Collection entries:
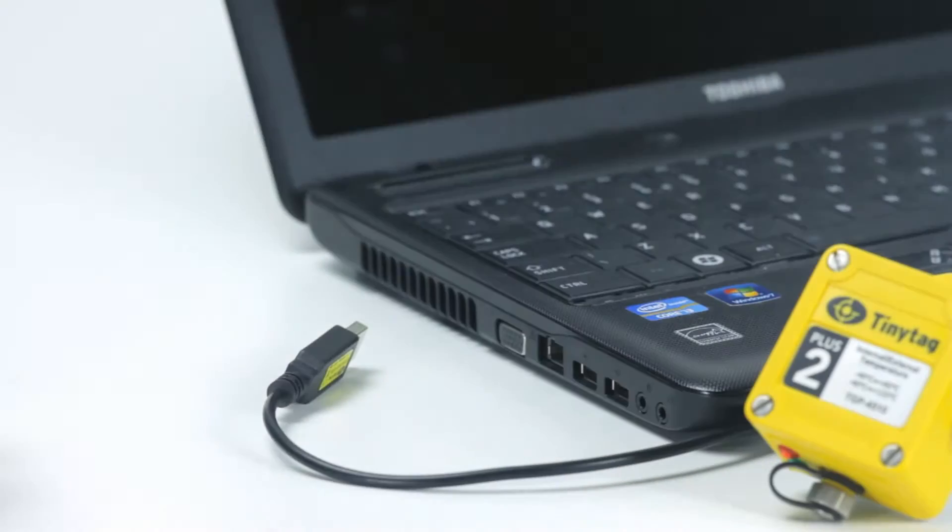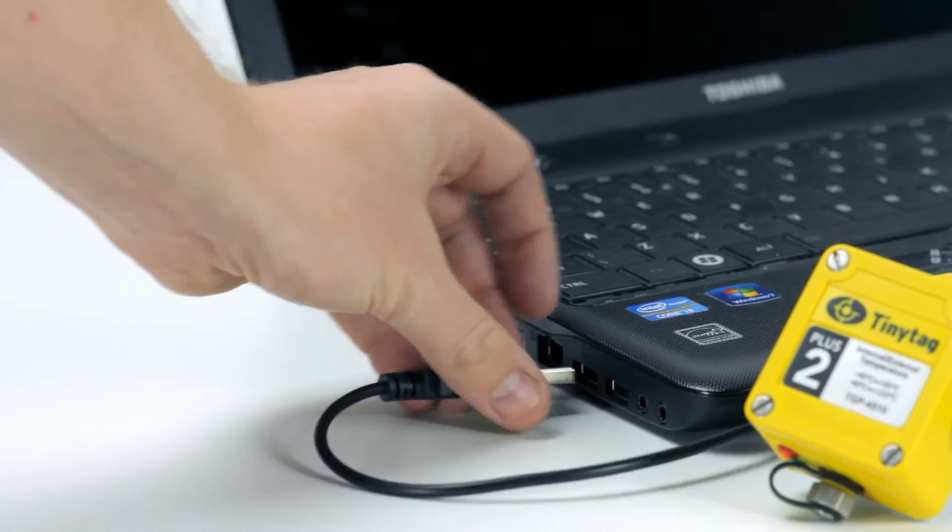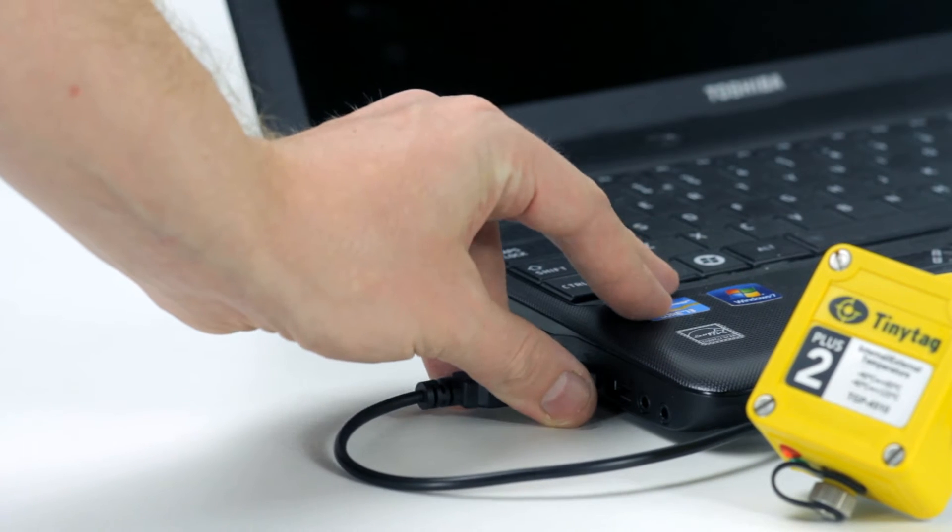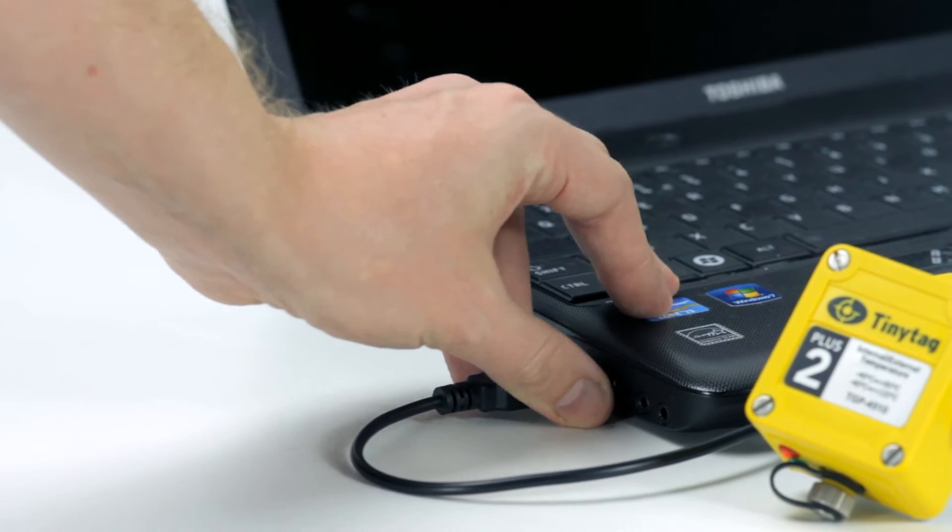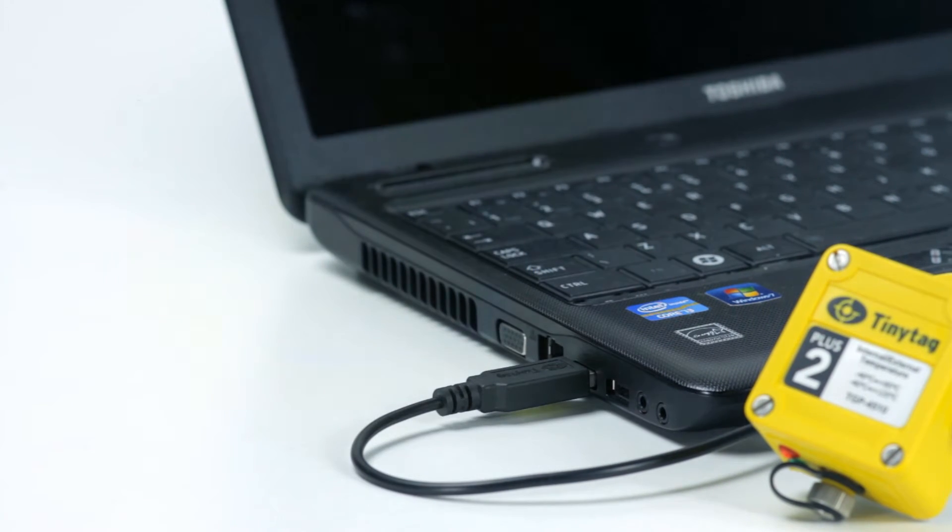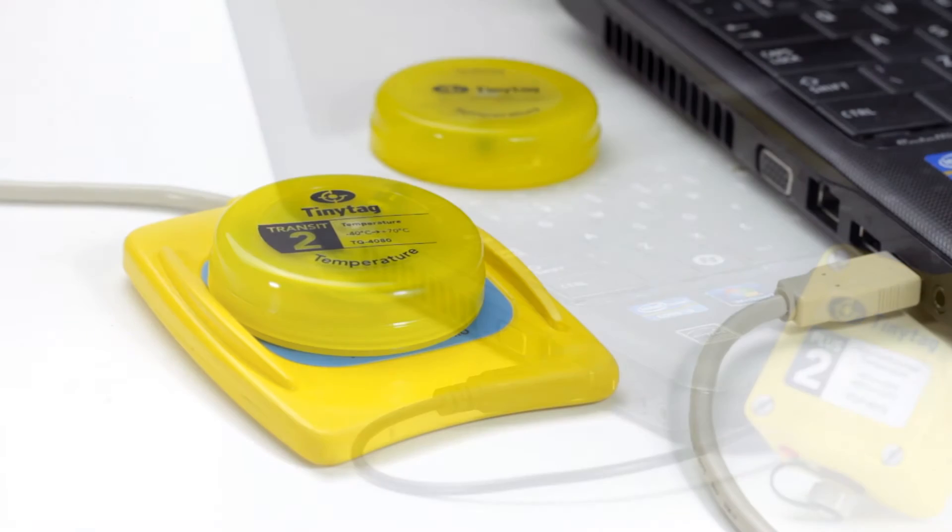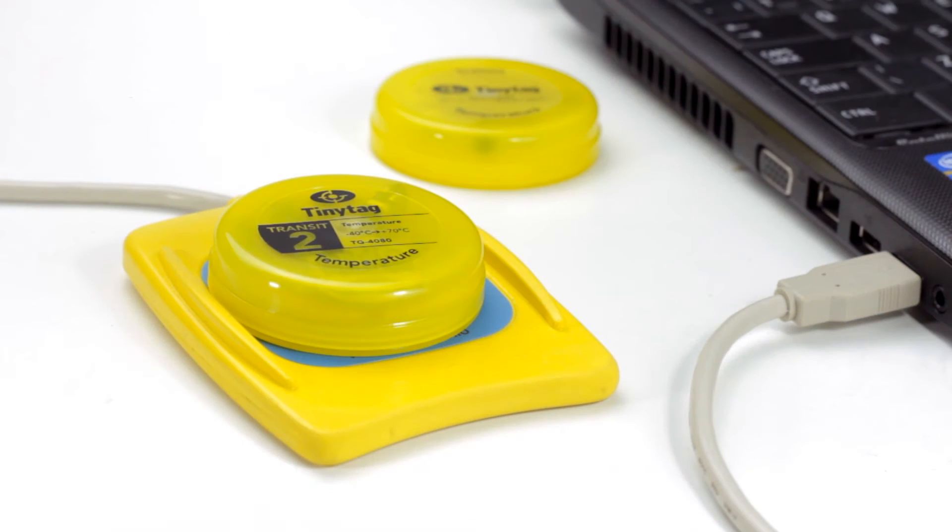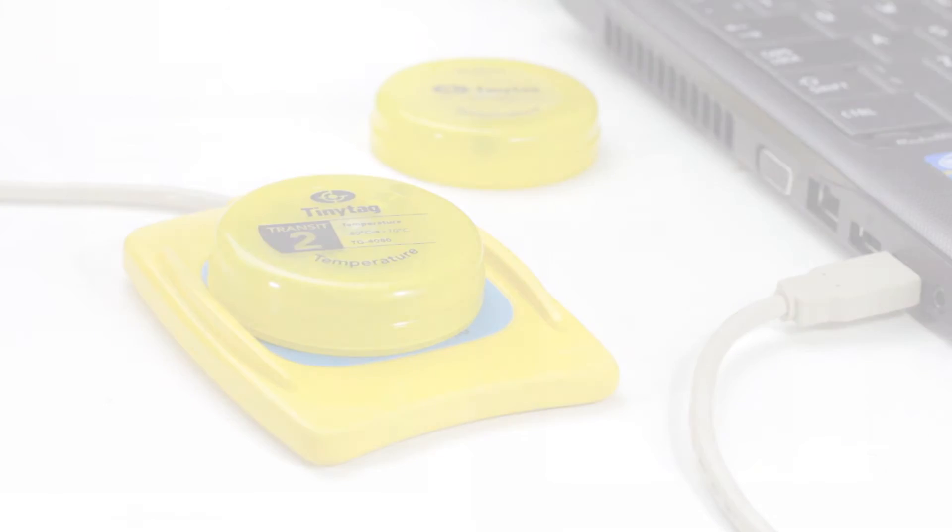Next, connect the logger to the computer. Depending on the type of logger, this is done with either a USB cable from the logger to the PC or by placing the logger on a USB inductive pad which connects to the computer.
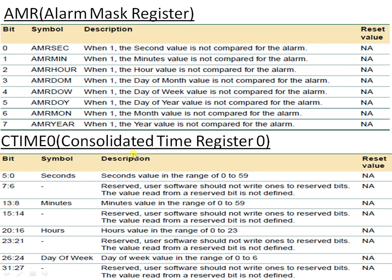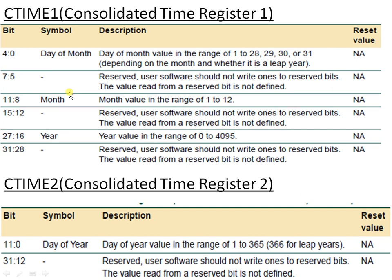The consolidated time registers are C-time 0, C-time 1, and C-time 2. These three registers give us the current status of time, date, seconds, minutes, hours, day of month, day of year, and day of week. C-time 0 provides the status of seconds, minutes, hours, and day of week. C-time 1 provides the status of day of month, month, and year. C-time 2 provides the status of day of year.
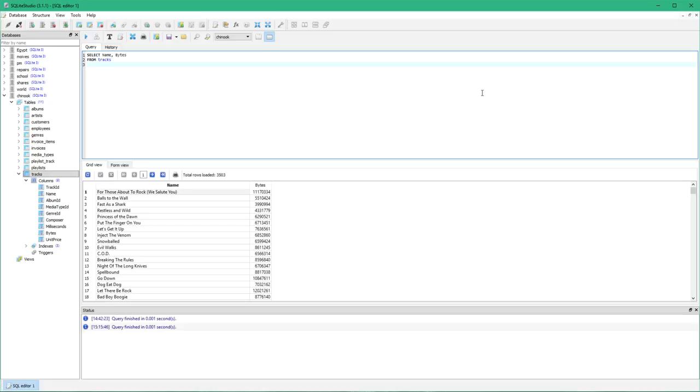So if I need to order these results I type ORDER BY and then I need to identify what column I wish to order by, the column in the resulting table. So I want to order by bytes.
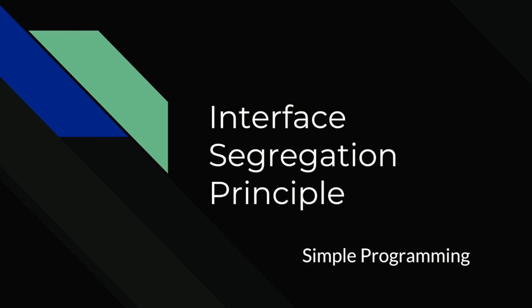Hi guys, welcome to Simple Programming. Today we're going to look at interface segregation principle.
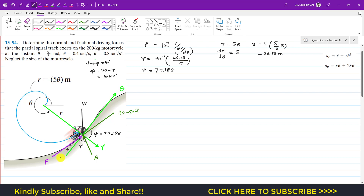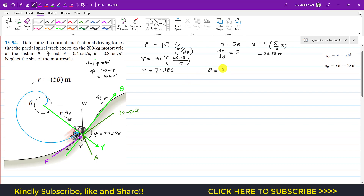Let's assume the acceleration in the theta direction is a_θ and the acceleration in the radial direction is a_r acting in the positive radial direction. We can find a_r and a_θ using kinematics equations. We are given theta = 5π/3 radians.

» **TASK INSTRUCTIONS**:
Pictures aside, set down the lines from the one containing "So if I need" through the end of the records above, exactly and only those.

» **TASK RESPONSE**:
So if I need to order these results I type ORDER BY and then I need to identify what column I wish to order by, the column in the resulting table. So I want to order by bytes.
Hi guys, welcome to Simple Programming. Today we're going to look at interface segregation principle.
Let's assume the acceleration in the theta direction is a_θ and the acceleration in the radial direction is a_r acting in the positive radial direction. We can find a_r and a_θ using kinematics equations. We are given theta = 5π/3 radians.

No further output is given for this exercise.